Only the football clubs have survived the decline and they continue to bang the same drum that started up when Catholics and Protestants established their enclaves. Nothing has diminished the hatred. It does not matter that Rangers, in enraging Celtic fans by signing their beloved Mo Johnston in 1989, ended their sectarian policy or that the relative calm in Northern Ireland has brought the official representatives of both communities into the same rooms and corridors of power. Celtic and Rangers remains as wild and barely governable as ever.
Tomorrow, everything is set up for an extra special enactment of the old ritual: an Easter Sunday derby and a crucial top-of-the-table clash and a Bank Holiday Monday to recover. One thousand police will be drafted into Ibrox to try to keep something approaching civility through the din and the hate-filled songs and the gloating and the fierce inherited pride that keeps this thing burning.

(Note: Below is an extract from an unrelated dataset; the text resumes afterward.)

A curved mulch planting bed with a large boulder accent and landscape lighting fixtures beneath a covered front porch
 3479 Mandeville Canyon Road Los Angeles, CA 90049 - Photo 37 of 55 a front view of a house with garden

And Neil Lennon will be the most compelling figure in the theatre of love and hate, the man who is literally laying his life on the line for Celtic. The idea of lethal devices sent in the post sounds so far-fetched it is difficult to believe it has happened. It is difficult to believe anything so dangerous could actually infiltrate the level of protection that surrounds Lennon and his family. But what if it did? What if they actually succeeded and someone was maimed or worse? Because Celtic v Rangers has been at the root of how many beatings, stabbings, fights, the cause – indirect or otherwise – of how many stupid deaths on the streets of Glasgow?
The tradition has always been that the gods of these Glaswegian football days – the players and managers who have passed through both clubs – remain untouchable; that they are secluded from the fear and violence that spreads through the streets afterwards. But what is happening to Lennon is dark. He is the target of on-going, murderous threats and the subject of an unprecedented campaign. The rational thing would be to walk away but that is the one victory Lennon could never grant Rangers fans, whatever the consequences.
When you think about it, Glasgow Rangers versus Glasgow Celtic is truly insane. Deep down, fans on both sides share the common belief they are perpetuating the most famous and fierce sporting rivalry in the world. They share in the glory and notoriety of that.
Mostly, these Old Firms days are policed walks on the wild side and if, every so often some kid, in a hooped or royal blue shirt gets stabbed outside a chippie, well, these things happen in all big cities. But it would be foolish to think that the threats to Neil Lennon won’t materialise into something terrible simply because he is Neil Lennon. It is a risk he continues to take in the name of Celtic.
So tomorrow then, another hurrah for the Old Firm lads and to the victors the oldest bragging right: Glesga belongs to me!